The recent recession has been the most brutal since the Great Depression and has caused enormous hardship for many American families, as well as immense financial problems for governments around the world. As a result, it’s hard to see the downturn that began at the end of 2007 as anything but a catastrophe. With household incomes generally lower and poverty rates significantly higher than they were 10 years ago, it’s easy to feel that everything is falling apart. But amid the wreckage, there are some success stories that are vitally important for the recovery and the future prosperity of America.
The big winners of the recent Great Recession have been the largest U.S. corporations. This isn’t simply because they are greedy and rapacious, or because they can steamroller everything in their path. Rather, it reflects the fact that they are in a position to use the recession as a positive opportunity to restructure and become more efficient, while government, small businesses and most American households are forced by circumstances to play defense.
In every economic system, there have to be occasional corrective phases, where inefficient and uncompetitive businesses and services are eliminated, costs are lowered, and ground is cleared for new growth. But not every part of the economy is equally well positioned to do this. Government usually has to worry first about unemployment. It therefore tries to preserve current jobs and existing businesses, rather than focusing on restructuring government services to make them more effective or reforming social programs to lower their long-term costs. Most households and many small businesses give top priority to immediate concerns in a recession, because they have to respond to the short-term pain rather than the potential for long-term gain.
The organizations that have the resources to think about the future and position themselves accordingly are typically the largest corporations. Sure, some big companies have failed – most notably banks – but most have been able to take advantage of reduced labor costs and low interest rates to boost their productivity at the same time that they are strengthening their balance sheets. Consider the following:
Labor costs are down while productivity is up. The most recent data from the Bureau of Labor Statistics show that quarterly productivity in manufacturing rose 5%, while unit labor costs declined 5.1%. Basically, as companies shut down their least successful business operations, they are left with the most efficient and productive ones. Moreover, wages are not keeping pace with inflation right now. In fact, adjusted for inflation, they are down 2.3% from a year ago, the biggest such decline since 1948. The overall result is that companies are getting more from their workers without having to pay them more.
Top companies are able to refinance their debt at low interest rates. The Federal Reserve’s policy of quantitative easing has made plenty of money available at low interest rates. Giant corporations with excellent credit ratings can therefore restructure their balance sheets any way they want – boosting cash on hand or locking in long-term borrowing exceptionally cheaply. As a result, the value of corporate balance sheets has risen by 28% since late 2009. Much of the needed refinancing has now been completed, although some companies, such as GM and Ford, still have big bond offerings coming up.
Money is rolling in. Higher productivity, moderate labor costs and restructured balance sheets combine to make companies more profitable.

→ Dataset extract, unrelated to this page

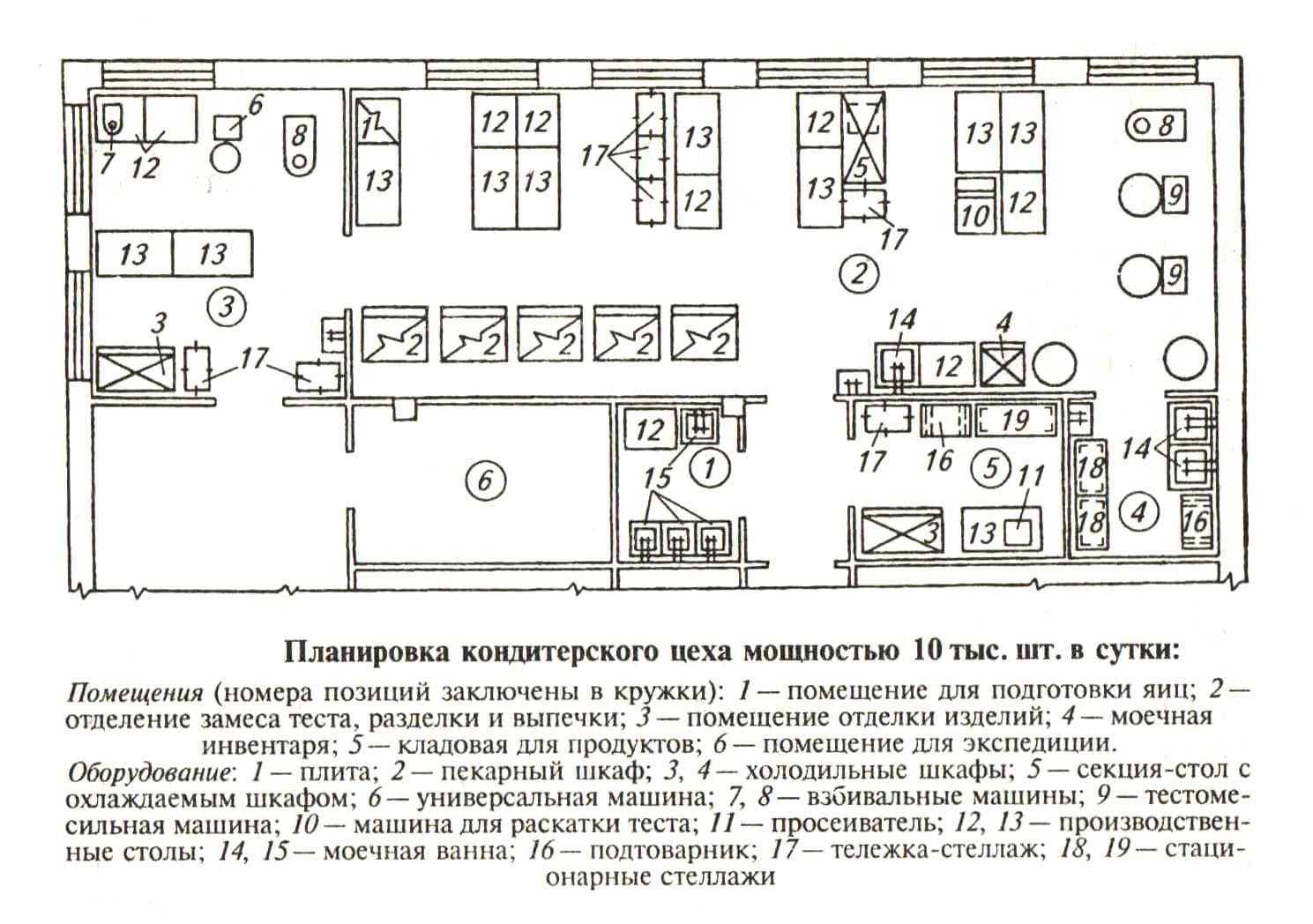 Цех колбасный проект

In fact, corporate profits are now at a peak in dollar terms and close to an all-time high as a percentage of GDP. Overall, profits have more than doubled since 2000, while stock prices are actually lower than they were 12 years ago. What that means is that lots of great stocks are now cheap by historical standards.
Corporate cash holdings are immense. Nonfinancial companies are taking in hundreds of billions of dollars more than they need to fund current operations. Total cash reserves at U.S. corporations total more than $2 trillion, close to a 50-year high in relative terms. Perhaps not surprisingly, some of the companies with lots more cash on hand than they need are paying ample dividends. Oil giant Chevron, with $20 billion in cash, now offers a 3.1% yield. Chipmaker Intel, with $15 billion, now pays 3.3%. And health-care conglomerate Johnson & Johnson, with $30 billion, yields 3.5%. (I give a longer list of companies that are likely to grow dividends here.)
In part, these huge cash reserves reflect the uncertainty corporate executives feel about whether to expand right now. Demand is still soft, government policy on taxes and regulations is confused, and risks of a currency collapse in Europe are impossible to gauge. As a result, many U.S. companies are simply hunkering down and hanging onto their money until the picture gets clearer.
There’s no guarantee, of course, that the U.S. economy will continue to get better. Recent small improvements could suddenly be reversed – for example, by upheaval in Europe that leads to a worldwide double-dip recession. But at least most U.S. businesses are in better shape than they were a couple of years ago. And once a sustainable recovery does get under way, the companies that have been able to make the most of the recession’s opportunities are likely to prosper in the years to come.